Technical Information MN4 CTE-ARM

MN4 CTE-ARM (2020) Technical details

MN4 CTE-ARM is a supercomputer based on 192 A64FX ARM processors, with a Linux Operating System and an Tofu interconnect network (6.8GB/s).

See below a summary of the system:

  • Peak Performance of 648.8 Tflops
  • 6 TB of main memory
  • 192 nodes, each node composed by:
    • 1x A64FX @ 2.20GHz (4 sockets and 12 CPUs/socket, total 48 CPUs per node)
    • 32 GiB of HBM2  1TB/s memory distributed in 4 CMGs (8GiB each socket with 256GB/s bw)
    • 1/16 x SSD 512GB as local storage (shared among 16 nodes)
  • Interconnection networks:
    • Tofu interconnect (Interconnect BW: 6.8GB/s, Node injection BW: 40GB/s)
    • I/O connection through Infiniband EDR (100Gbps)
  • Operating System:  Red Hat Enterprise Linux release 7.6 (Maipo)

 

MN4 CTE-ARM user documentation

Compute node characteristics

​A64FX chip has some particularities that differenciate it from other general purpose CPUs in our cluster. Particularly its core distribution, and the use of helper cores. There are 8 NUMA nodes, 4 of them composed by each one of the helper core, and the other 4 composed by 12 cores each.

CORE and NUMA considerations

  • A64FX, Armv8.2-A + SVE instructions set
  • 52 cores in total, distributed in 4 CMGs. 48 compute cores and 4 helper cores.

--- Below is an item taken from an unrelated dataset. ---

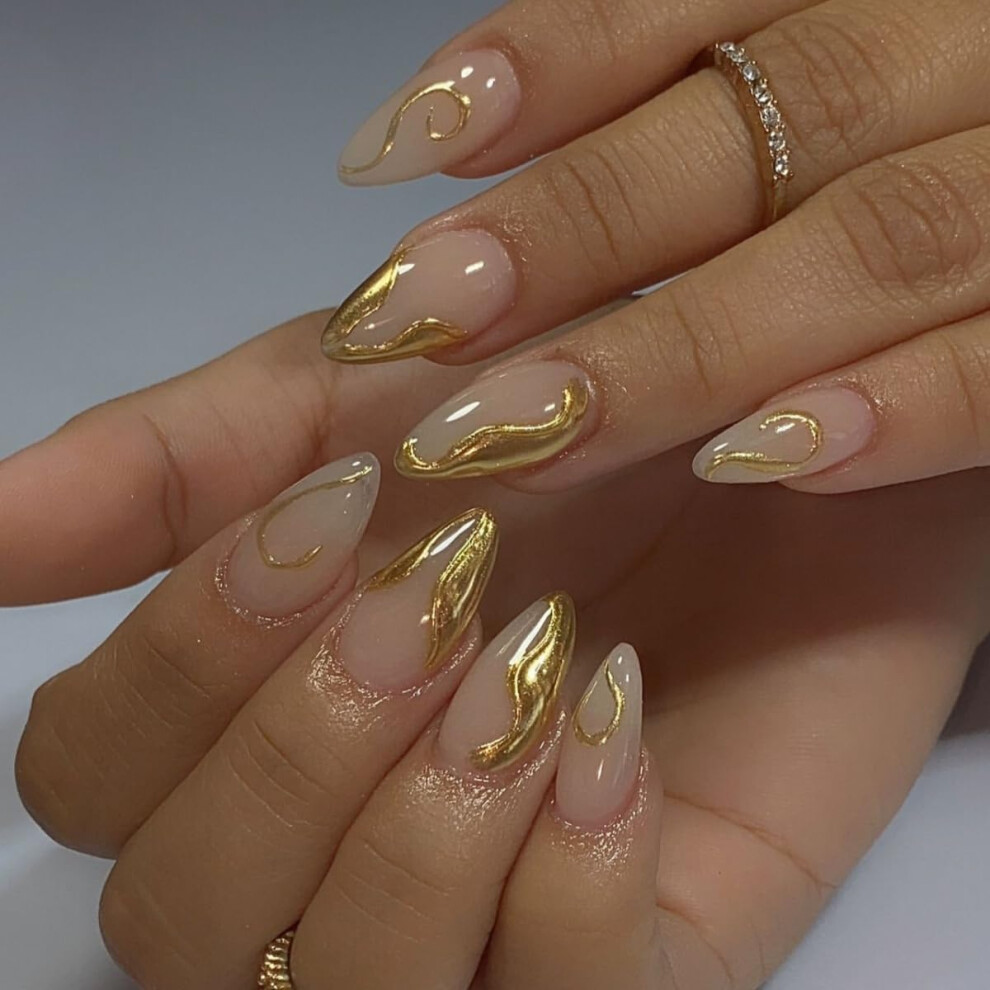 Gold French Tip Press On Nails 24Pcs Long Coffin Fake Nails Holiday Designs Reusable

NUMA distribution is as follows:

- NUMA [0-3] -> helper cores[0-3] 

- NUMA [4-7] -> cores[12-23], [23-25], [36-47], [48-59]

 

Note: cores 4-11 are unassigned.

NODE considerations

The cluster is composed by 3 different types of nodes. All of them offer the same characteristics in terms of compute power, but differ in the connectivity and purpose. These 3 types are:

  • Compute nodes: These are the more simpler ones, main SoC with provided with Tofu connnectivity between them (groups of 12 nodes). 
  • BIO nodes: Boot I/O nodes, nodes that contain a 512 GB M.2. 1/16 of the nodes are BIO, and serve as the boot server for all the nodes that share the same Disk.
  • GIO nodes: Nodes that contain the global I/O connection to the shared file system (FEFS), as well as Infiniband EDR connection. 1/48 nodes are GIO, and serve as link to FEFS and IB for each shelf in the cluster.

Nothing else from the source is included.